◆ **Listed records**
┏━━

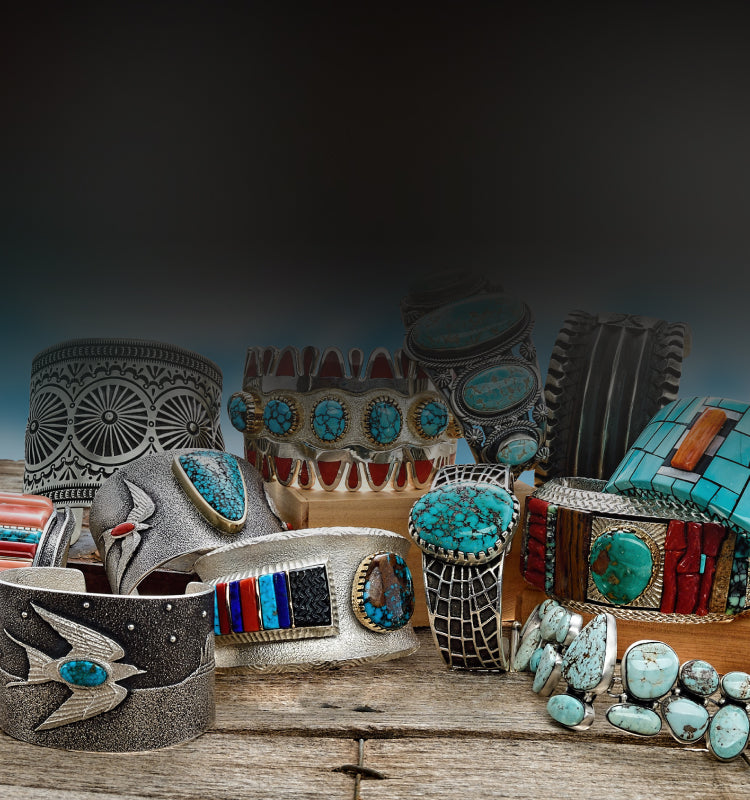 Native American Bracelets - Turquoise Cuffs, Men's & Silver - SilverTQ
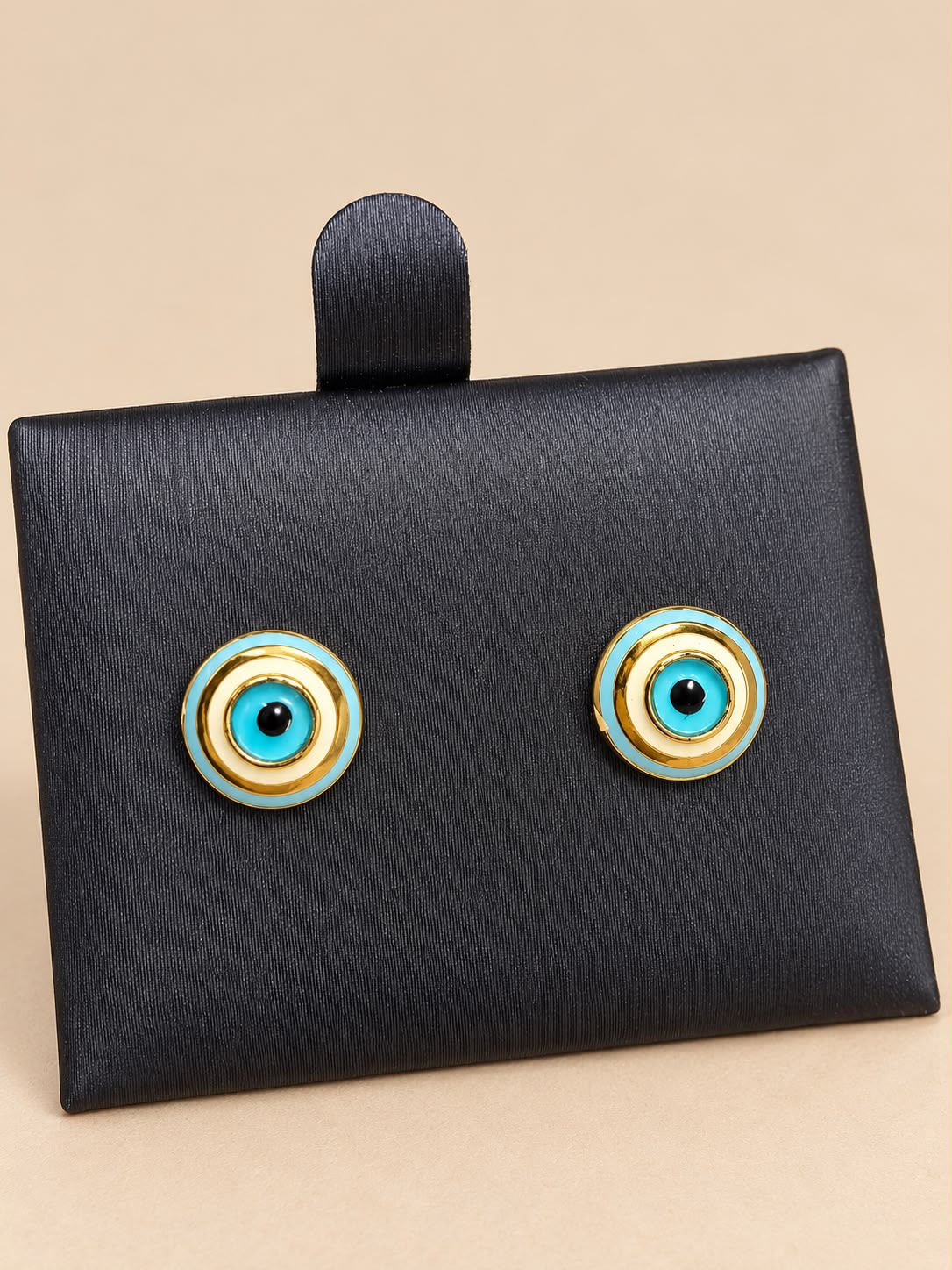14K Yellow Gold Evil Eye Stud Earrings – 9.3mm – 2.30 Grams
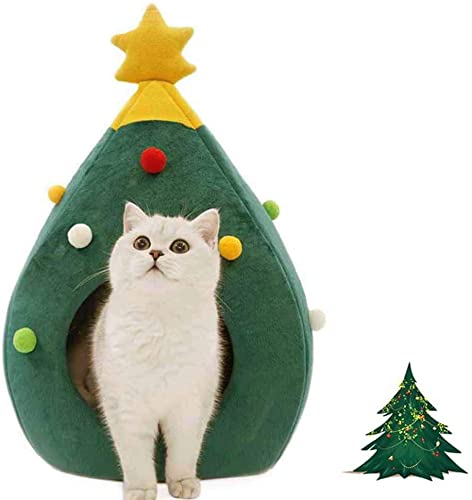 Yanyan Katzenbett, Weihnachtsbett, Katzenzelt, Baumform, waschbar, Weihnachtsmütze, abnehmbar, für Katzen, kleines Hundebett, 60 x 42 x 40 cm von Yanyan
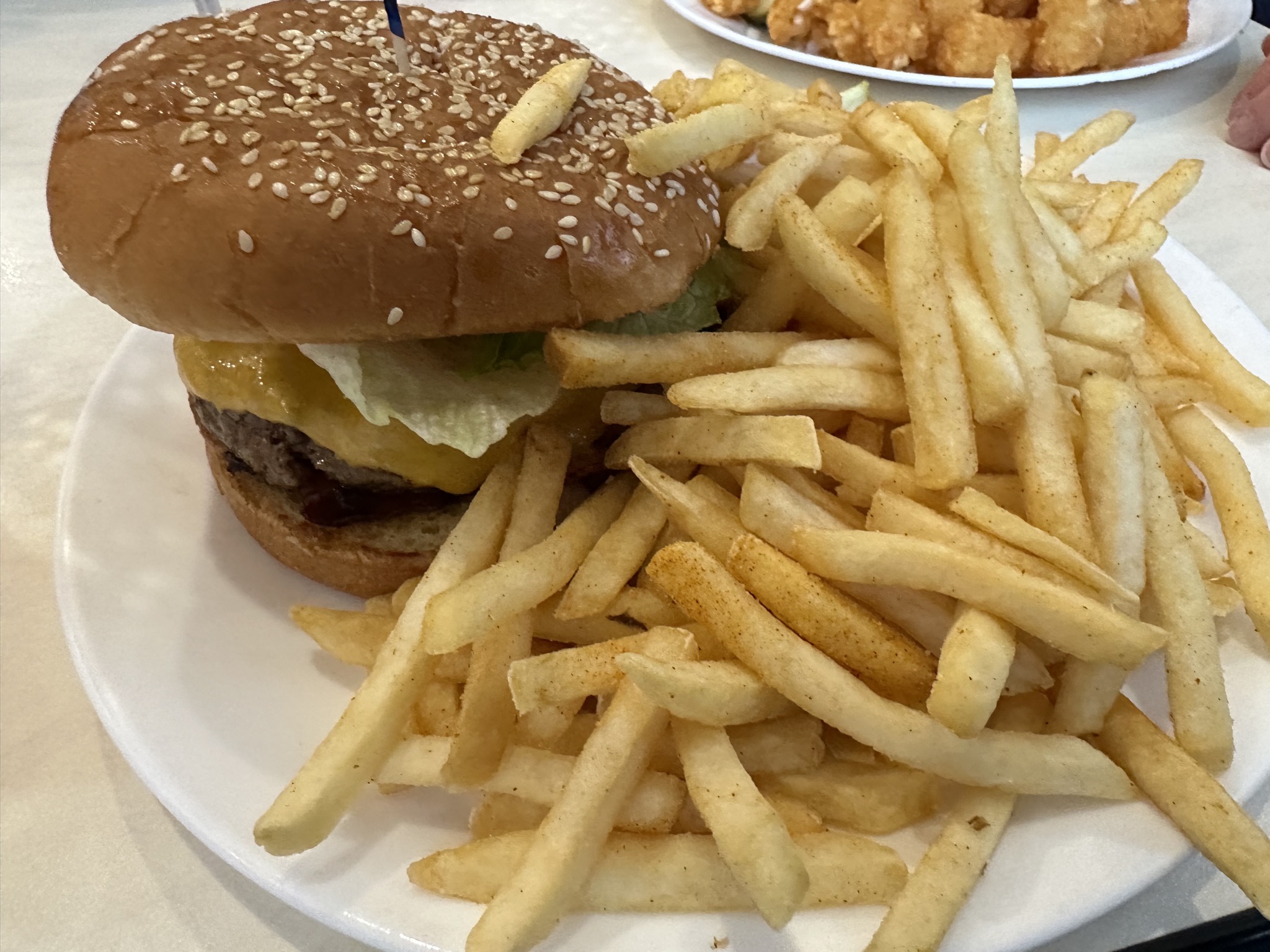 Burger and fries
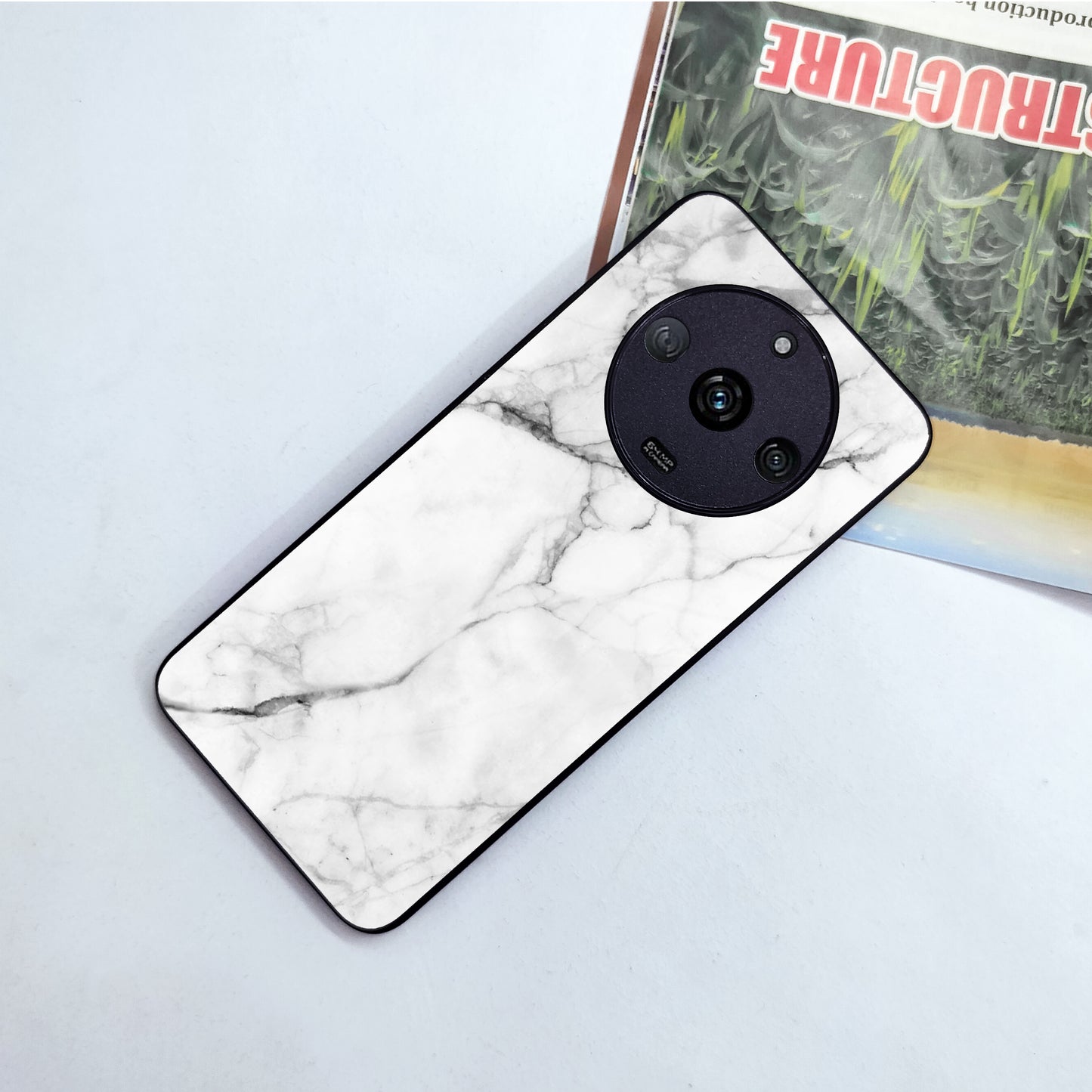 White Marble Patter Glass Case Cover For Realme/Narzo ShopOnCliQ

┗━━

◆ **Exercise details**
Leave out the images and copy all remaining data word for word.

◆ **Response box**
 Native American Bracelets - Turquoise Cuffs, Men's & Silver - SilverTQ
14K Yellow Gold Evil Eye Stud Earrings – 9.3mm – 2.30 Grams
 Yanyan Katzenbett, Weihnachtsbett, Katzenzelt, Baumform, waschbar, Weihnachtsmütze, abnehmbar, für Katzen, kleines Hundebett, 60 x 42 x 40 cm von Yanyan
 Burger and fries
 White Marble Patter Glass Case Cover For Realme/Narzo ShopOnCliQ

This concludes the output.